Assigned task:
Among the entries below, find the line with "DENSO First Time", then quote it and each following line up to and including the line with "CMCAS's icon", and nothing else.

[Source records]
= = = = = = =

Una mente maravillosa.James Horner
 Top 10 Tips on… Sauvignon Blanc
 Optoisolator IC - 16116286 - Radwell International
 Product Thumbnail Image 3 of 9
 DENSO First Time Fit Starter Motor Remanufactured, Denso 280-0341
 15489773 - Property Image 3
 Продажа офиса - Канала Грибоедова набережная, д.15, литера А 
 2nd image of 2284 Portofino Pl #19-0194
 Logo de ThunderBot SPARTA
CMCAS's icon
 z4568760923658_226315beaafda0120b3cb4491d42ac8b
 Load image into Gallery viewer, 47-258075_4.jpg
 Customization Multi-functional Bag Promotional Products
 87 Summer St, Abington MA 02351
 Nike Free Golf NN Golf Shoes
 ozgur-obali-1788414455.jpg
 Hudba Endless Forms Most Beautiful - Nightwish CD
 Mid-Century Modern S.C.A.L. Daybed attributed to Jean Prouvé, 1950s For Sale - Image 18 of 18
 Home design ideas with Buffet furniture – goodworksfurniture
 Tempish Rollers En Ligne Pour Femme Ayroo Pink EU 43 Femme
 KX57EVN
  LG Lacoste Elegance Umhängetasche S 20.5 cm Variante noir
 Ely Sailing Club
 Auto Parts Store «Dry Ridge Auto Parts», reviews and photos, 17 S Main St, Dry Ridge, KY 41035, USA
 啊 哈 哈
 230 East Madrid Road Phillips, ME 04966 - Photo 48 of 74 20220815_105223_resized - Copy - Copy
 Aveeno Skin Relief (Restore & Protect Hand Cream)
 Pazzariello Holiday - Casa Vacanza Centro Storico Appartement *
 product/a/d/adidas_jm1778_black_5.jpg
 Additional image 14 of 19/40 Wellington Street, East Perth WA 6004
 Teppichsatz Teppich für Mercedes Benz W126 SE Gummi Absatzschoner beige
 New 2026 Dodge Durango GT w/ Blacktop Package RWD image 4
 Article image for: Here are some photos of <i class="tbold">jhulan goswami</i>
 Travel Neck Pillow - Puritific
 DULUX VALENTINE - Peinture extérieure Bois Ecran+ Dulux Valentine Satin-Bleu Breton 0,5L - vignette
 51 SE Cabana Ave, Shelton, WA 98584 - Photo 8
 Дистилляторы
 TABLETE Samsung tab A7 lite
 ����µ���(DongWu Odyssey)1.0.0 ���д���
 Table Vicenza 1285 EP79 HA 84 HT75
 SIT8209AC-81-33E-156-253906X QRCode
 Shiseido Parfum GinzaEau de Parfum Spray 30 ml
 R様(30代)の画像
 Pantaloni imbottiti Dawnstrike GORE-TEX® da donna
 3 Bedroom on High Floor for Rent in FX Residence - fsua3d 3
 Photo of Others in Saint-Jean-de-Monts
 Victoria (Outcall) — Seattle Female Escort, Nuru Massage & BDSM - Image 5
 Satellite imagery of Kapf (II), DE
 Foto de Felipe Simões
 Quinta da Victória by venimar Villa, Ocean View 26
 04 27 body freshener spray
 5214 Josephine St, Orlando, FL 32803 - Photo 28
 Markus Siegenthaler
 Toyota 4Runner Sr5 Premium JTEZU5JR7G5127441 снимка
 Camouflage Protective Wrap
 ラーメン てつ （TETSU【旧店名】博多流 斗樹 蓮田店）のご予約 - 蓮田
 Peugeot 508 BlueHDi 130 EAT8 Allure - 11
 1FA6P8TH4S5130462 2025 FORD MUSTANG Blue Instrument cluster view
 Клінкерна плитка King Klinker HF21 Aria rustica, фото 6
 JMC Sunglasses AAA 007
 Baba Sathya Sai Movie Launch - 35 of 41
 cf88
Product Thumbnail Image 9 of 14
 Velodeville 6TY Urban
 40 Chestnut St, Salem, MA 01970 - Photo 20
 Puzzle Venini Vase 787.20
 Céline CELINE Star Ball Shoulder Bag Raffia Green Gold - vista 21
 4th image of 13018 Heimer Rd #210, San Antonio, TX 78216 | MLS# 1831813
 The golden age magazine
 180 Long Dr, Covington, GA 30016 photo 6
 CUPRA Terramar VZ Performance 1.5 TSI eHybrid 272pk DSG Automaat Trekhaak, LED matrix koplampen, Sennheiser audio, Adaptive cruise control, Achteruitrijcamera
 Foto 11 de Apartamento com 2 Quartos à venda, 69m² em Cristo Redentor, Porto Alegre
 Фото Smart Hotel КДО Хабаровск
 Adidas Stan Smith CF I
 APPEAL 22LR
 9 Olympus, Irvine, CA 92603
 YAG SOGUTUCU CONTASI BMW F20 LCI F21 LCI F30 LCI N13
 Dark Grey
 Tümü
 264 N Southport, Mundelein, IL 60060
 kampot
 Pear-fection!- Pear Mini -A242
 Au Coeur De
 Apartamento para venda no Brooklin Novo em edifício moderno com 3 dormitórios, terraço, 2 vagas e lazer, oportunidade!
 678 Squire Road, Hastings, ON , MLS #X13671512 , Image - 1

= = = = = = =

Task output:
 DENSO First Time Fit Starter Motor Remanufactured, Denso 280-0341
 15489773 - Property Image 3
 Продажа офиса - Канала Грибоедова набережная, д.15, литера А 
 2nd image of 2284 Portofino Pl #19-0194
 Logo de ThunderBot SPARTA
CMCAS's icon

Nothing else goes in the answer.